# Required action
The copy has to match the records word for word and include no pictures.

►

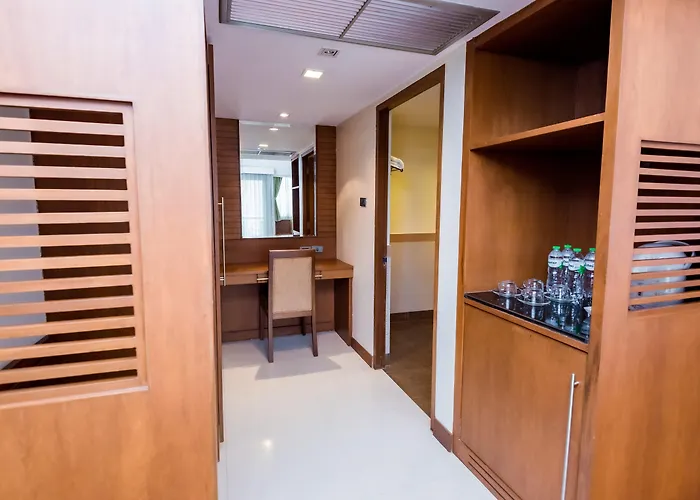 Hotel Bally Sukhumvit 3*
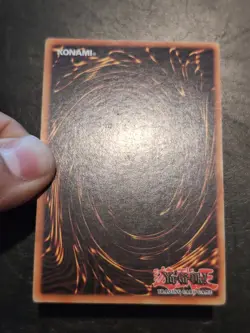 Yu-Gi-Oh! ULTRA RARE HOLO CARD DARK MAGICIAN DB1-EN102 LP - Image 3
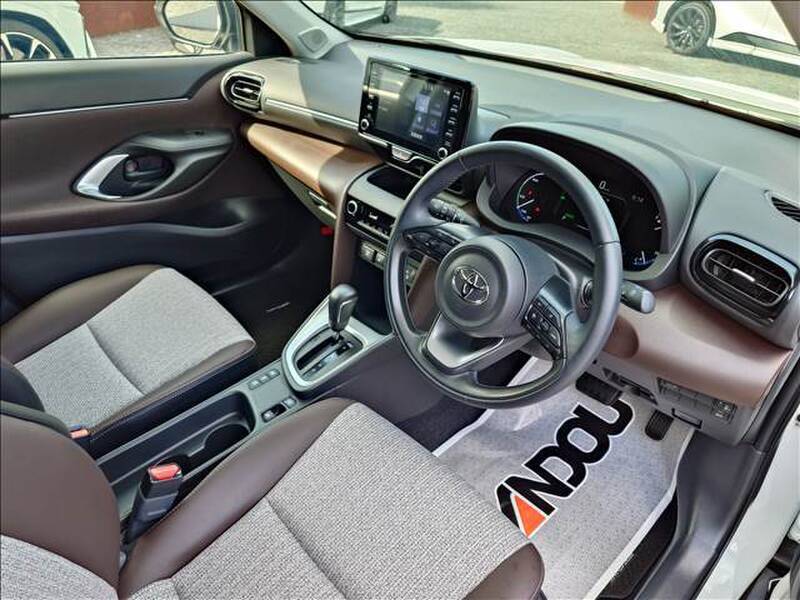 YARIS CROSS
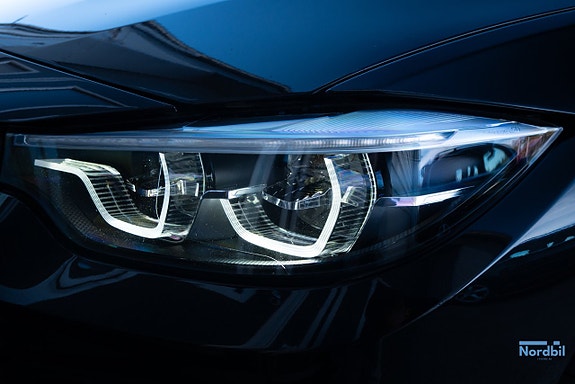 BMW M4 7 of 30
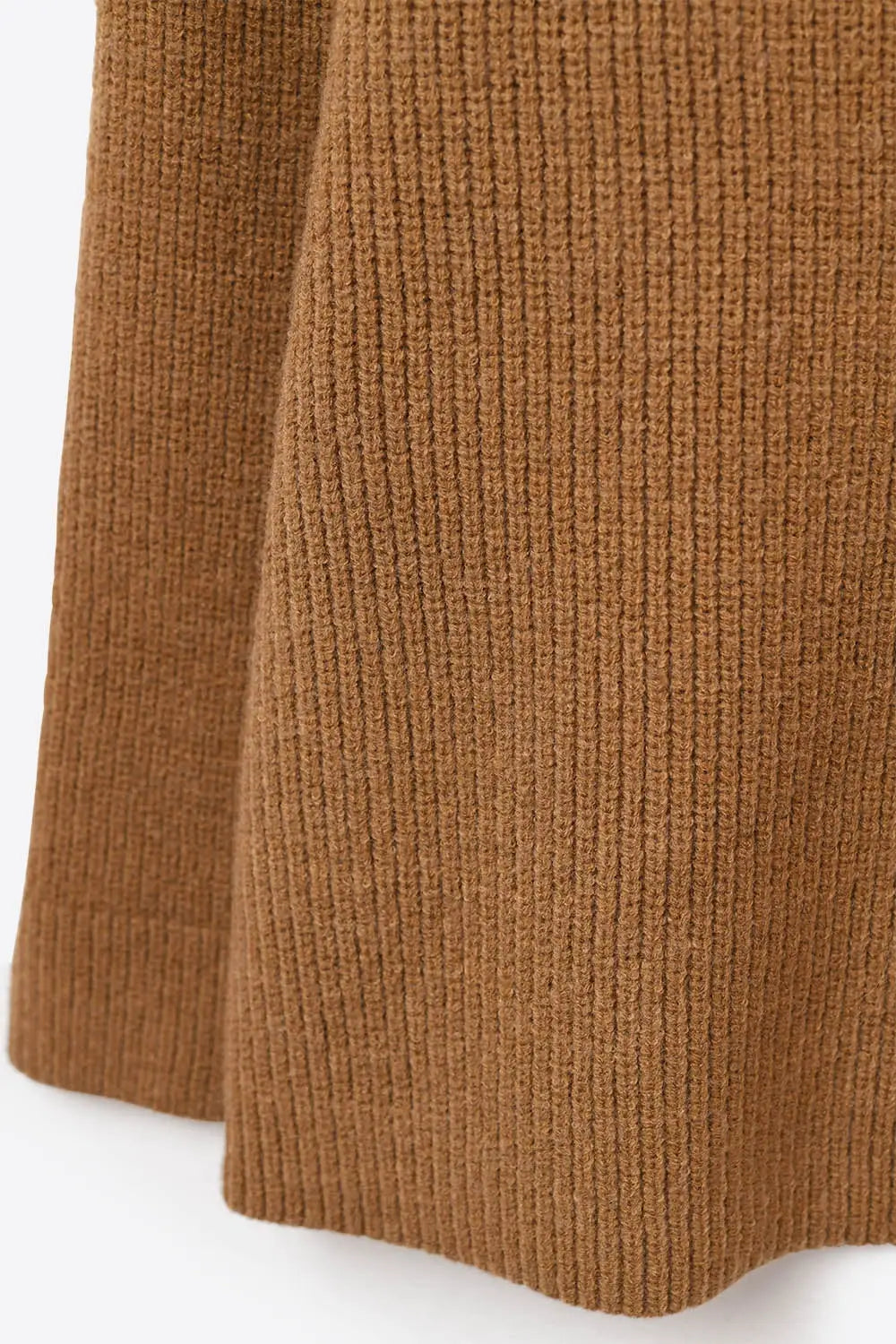 Super oversized Thin V-neck Sweater in Camel - CAMEL / ONE - Sweaters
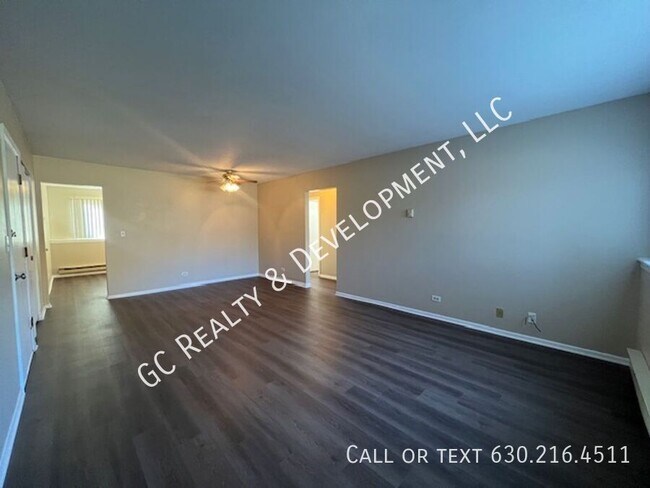 Foto del edificio - ***HUNTLEY / 2 BDRM / APPL INCL / COIN LAU...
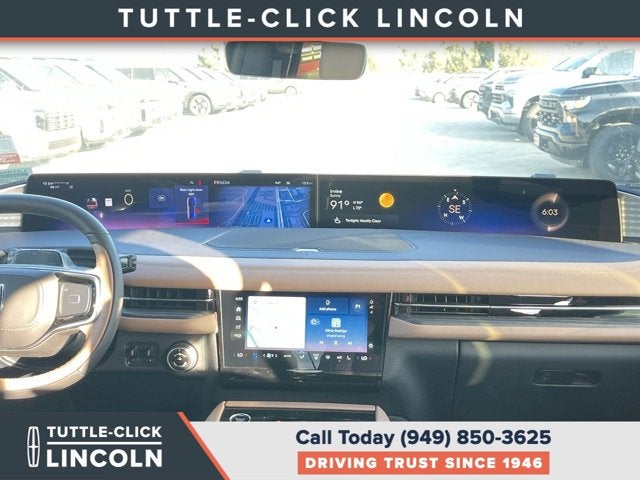 2027 Lincoln Navigator L Black Label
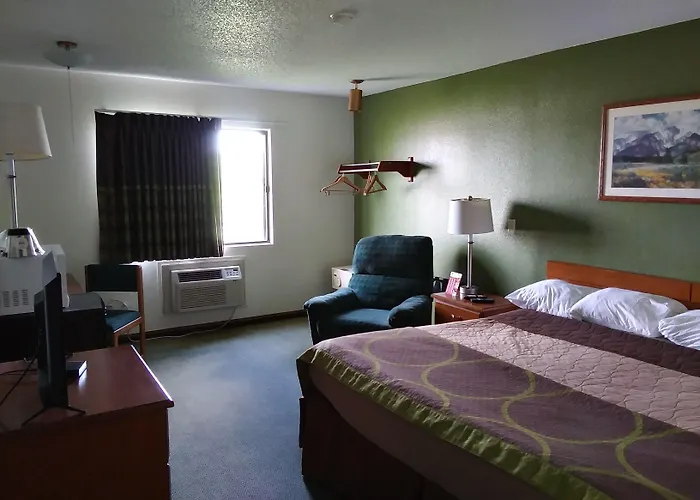 Amerihost Inn & Suites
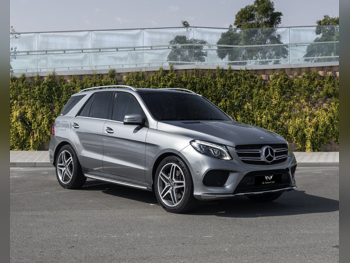 مرسيدس - بنز  جي ال اي  400  2016  اوتوماتيك  195,000 كم  6 سلندر  دفع رباعي  اس يو في  رمادي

◄

# Result
 Hotel Bally Sukhumvit 3*
 Yu-Gi-Oh! ULTRA RARE HOLO CARD DARK MAGICIAN DB1-EN102 LP - Image 3
 YARIS CROSS
 BMW M4 7 of 30
 Super oversized Thin V-neck Sweater in Camel - CAMEL / ONE - Sweaters
 Foto del edificio - ***HUNTLEY / 2 BDRM / APPL INCL / COIN LAU...
 2027 Lincoln Navigator L Black Label
 Amerihost Inn & Suites
 مرسيدس - بنز  جي ال اي  400  2016  اوتوماتيك  195,000 كم  6 سلندر  دفع رباعي  اس يو في  رمادي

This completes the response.